Brittleness index is one of the critical geomechanical properties of unconventional reservoir rocks to screen effective hydraulic fracturing candidates. In petroleum engineering, brittleness index can be generally calculated from the mineralogical composition by X-ray diffraction (XRD) test or rock mechanical parameters by tri-axial experiments and well logs. However, mineral composition analysis or tri-axial experiments cannot produce continuous brittleness profile. Well log-based brittleness index prediction conventionally relies on Young's modulus and Poisson's ratio, but sometimes shear compressional velocity is not available to derive elastic inputs for the brittleness index calculation.

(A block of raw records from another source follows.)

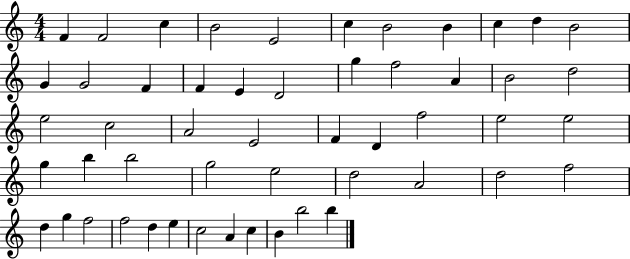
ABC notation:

X:1
T:Untitled
M:4/4
L:1/4
K:C
F F2 c B2 E2 c B2 B c d B2 G G2 F F E D2 g f2 A B2 d2 e2 c2 A2 E2 F D f2 e2 e2 g b b2 g2 e2 d2 A2 d2 f2 d g f2 f2 d e c2 A c B b2 b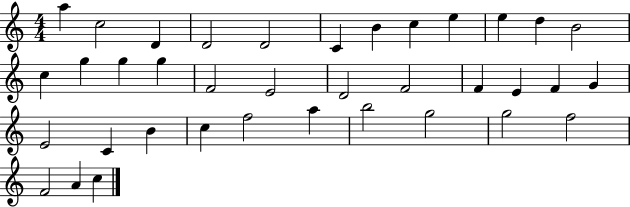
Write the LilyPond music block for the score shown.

{
  \clef treble
  \numericTimeSignature
  \time 4/4
  \key c \major
  a''4 c''2 d'4 | d'2 d'2 | c'4 b'4 c''4 e''4 | e''4 d''4 b'2 | \break c''4 g''4 g''4 g''4 | f'2 e'2 | d'2 f'2 | f'4 e'4 f'4 g'4 | \break e'2 c'4 b'4 | c''4 f''2 a''4 | b''2 g''2 | g''2 f''2 | \break f'2 a'4 c''4 | \bar "|."
}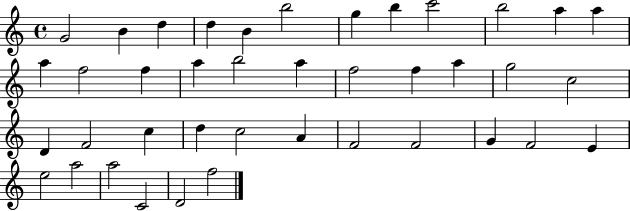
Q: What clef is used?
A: treble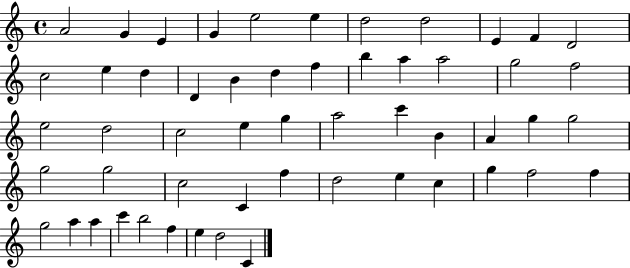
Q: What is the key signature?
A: C major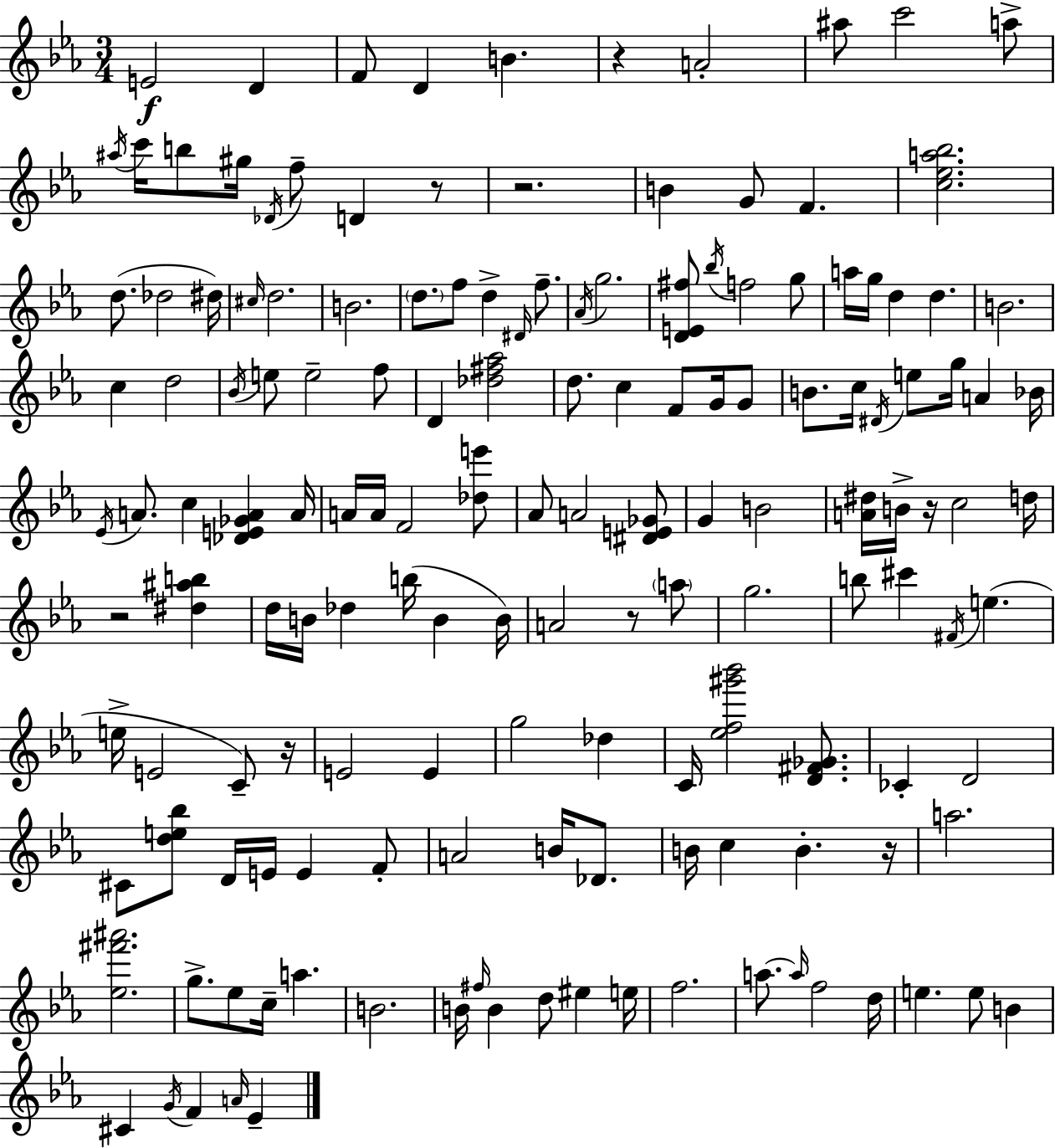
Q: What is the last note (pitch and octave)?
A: Eb4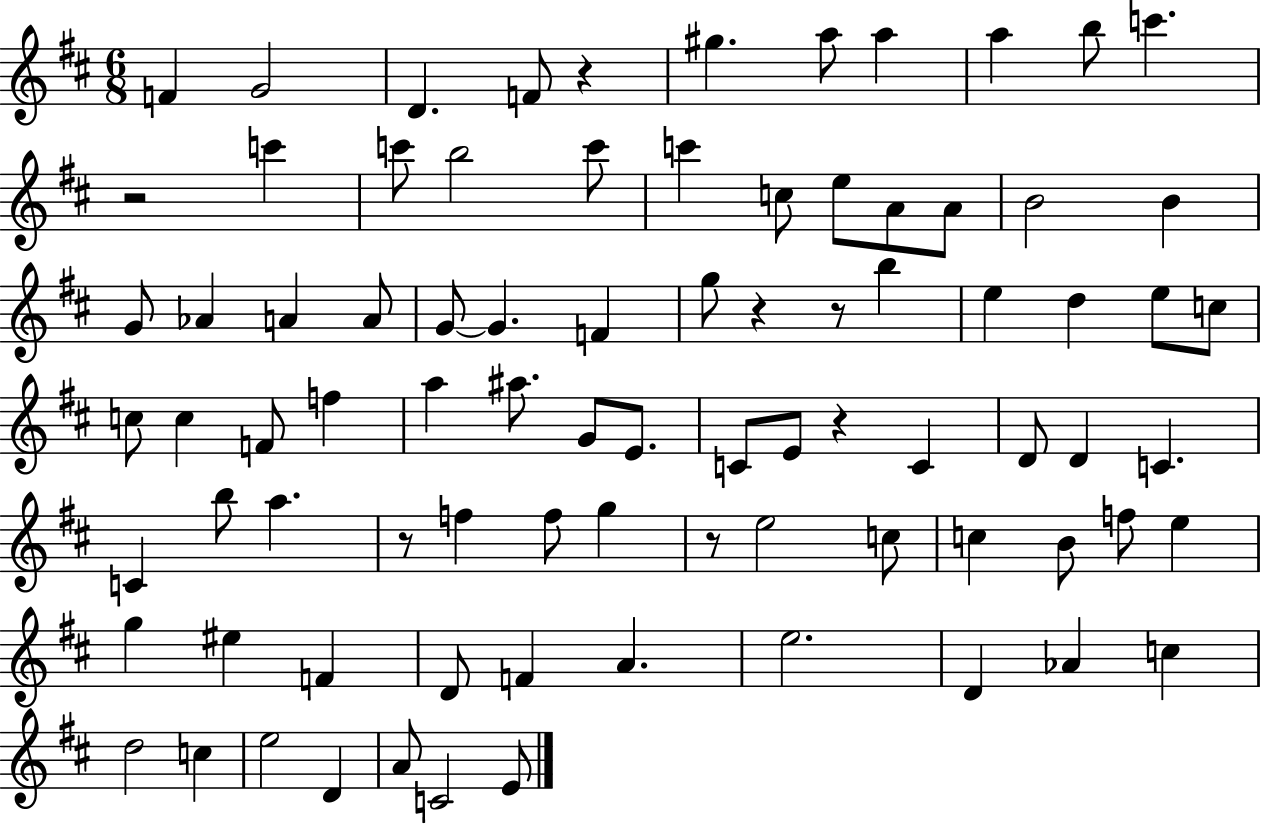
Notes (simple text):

F4/q G4/h D4/q. F4/e R/q G#5/q. A5/e A5/q A5/q B5/e C6/q. R/h C6/q C6/e B5/h C6/e C6/q C5/e E5/e A4/e A4/e B4/h B4/q G4/e Ab4/q A4/q A4/e G4/e G4/q. F4/q G5/e R/q R/e B5/q E5/q D5/q E5/e C5/e C5/e C5/q F4/e F5/q A5/q A#5/e. G4/e E4/e. C4/e E4/e R/q C4/q D4/e D4/q C4/q. C4/q B5/e A5/q. R/e F5/q F5/e G5/q R/e E5/h C5/e C5/q B4/e F5/e E5/q G5/q EIS5/q F4/q D4/e F4/q A4/q. E5/h. D4/q Ab4/q C5/q D5/h C5/q E5/h D4/q A4/e C4/h E4/e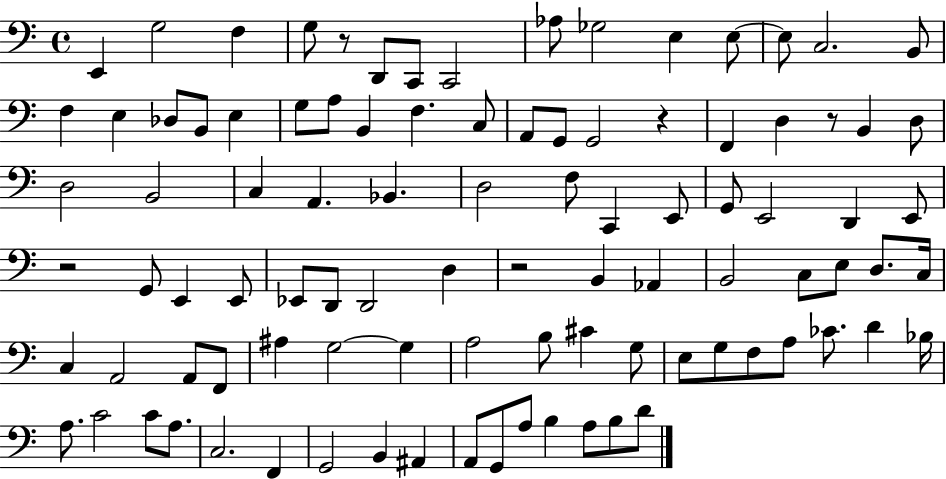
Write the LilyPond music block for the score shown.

{
  \clef bass
  \time 4/4
  \defaultTimeSignature
  \key c \major
  \repeat volta 2 { e,4 g2 f4 | g8 r8 d,8 c,8 c,2 | aes8 ges2 e4 e8~~ | e8 c2. b,8 | \break f4 e4 des8 b,8 e4 | g8 a8 b,4 f4. c8 | a,8 g,8 g,2 r4 | f,4 d4 r8 b,4 d8 | \break d2 b,2 | c4 a,4. bes,4. | d2 f8 c,4 e,8 | g,8 e,2 d,4 e,8 | \break r2 g,8 e,4 e,8 | ees,8 d,8 d,2 d4 | r2 b,4 aes,4 | b,2 c8 e8 d8. c16 | \break c4 a,2 a,8 f,8 | ais4 g2~~ g4 | a2 b8 cis'4 g8 | e8 g8 f8 a8 ces'8. d'4 bes16 | \break a8. c'2 c'8 a8. | c2. f,4 | g,2 b,4 ais,4 | a,8 g,8 a8 b4 a8 b8 d'8 | \break } \bar "|."
}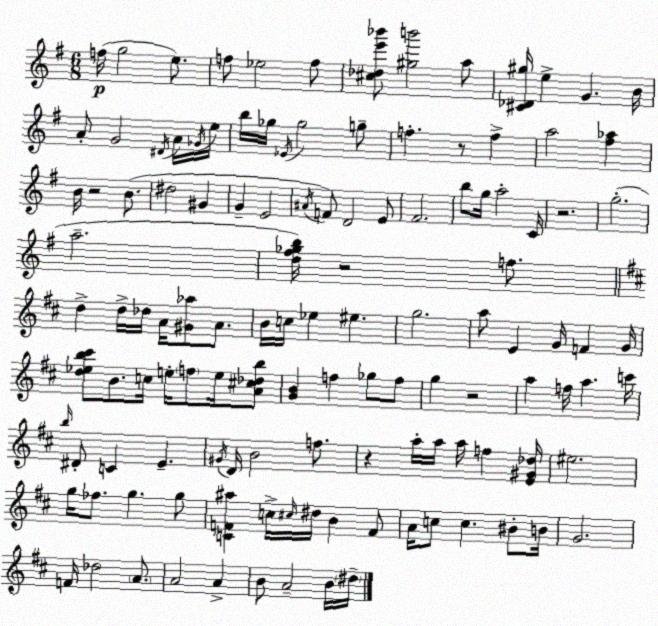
X:1
T:Untitled
M:6/8
L:1/4
K:G
f/4 g2 e/2 f/2 _e2 f/2 [^c_de'_b']/2 [^gb']2 a/2 [^C_D^g]/4 e G B/4 A/2 G2 ^D/4 A/4 _G/4 e/4 b/4 _g/4 _E/4 _g2 g/2 f z/2 f a2 [^f_a] B/4 z2 B/2 ^d2 ^G G E2 ^A/4 F/2 D2 E/2 ^F2 b/2 g/4 a2 C/4 z2 g2 a2 [d^f_gb]/4 z2 f/2 d d/4 _d/4 A/4 [^G_a]/2 A/2 B/4 c/4 _e ^e g2 a/2 E G/4 F G/4 [d_eb^c']/2 B/2 c/4 e/4 f/2 e/4 [A^c_db]/2 [GB] f _g/2 f/2 g z2 a f/4 a c'/4 b/4 ^D/2 C E ^G/4 D/4 B2 f/2 z a/4 a/4 a/4 f [E^G_d]/4 ^e2 g/4 _f/2 g g/2 [CF^a] c/4 ^c/4 ^d/4 B F/2 A/4 c/2 c ^B/2 B/4 G2 F/4 _d2 A/2 A2 A B/2 A2 B/4 ^d/4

This study proposes some data-driven practical brittleness prediction approaches based on back-propagation artificial neural network (BP-ANN), extreme learning machine (ELM) and linear regression using commonly available conventional logging data and lab mineralogical-derived brittleness. A dataset of 71 mineralogical-derived brittleness measurements from Silurian Longmaxi marine shale, Jiaoshiba Shale Gas Field, Sichuan Basin, China were established. The model comparisons and error analysis reveal that the application of artificial intelligence models can be more effectively applied to brittleness prediction compared with simple regression correlations. Both BP-ANN and ELM models are competent for brittleness prediction while BP-ANN model can produce slightly better brittleness prediction results with same inputs and ELM model require less running time. Thus, more choices can be made according to accuracy and computational speed demand. Moreover, an overall ranking of sensitivity degree is then provided to show the impacts of different well logs as inputs on the BP-ANN and ELM model, which is helpful to find optimal inputs in given case. Comparing to traditional well-log based brittleness approaches, data-based approaches show its wider applications because the integration of mineralogical composition and well log information can provide continuous brittleness profile in terms of high accuracy while acoustic full waveform velocities are no longer necessary inputs in brittleness evaluation.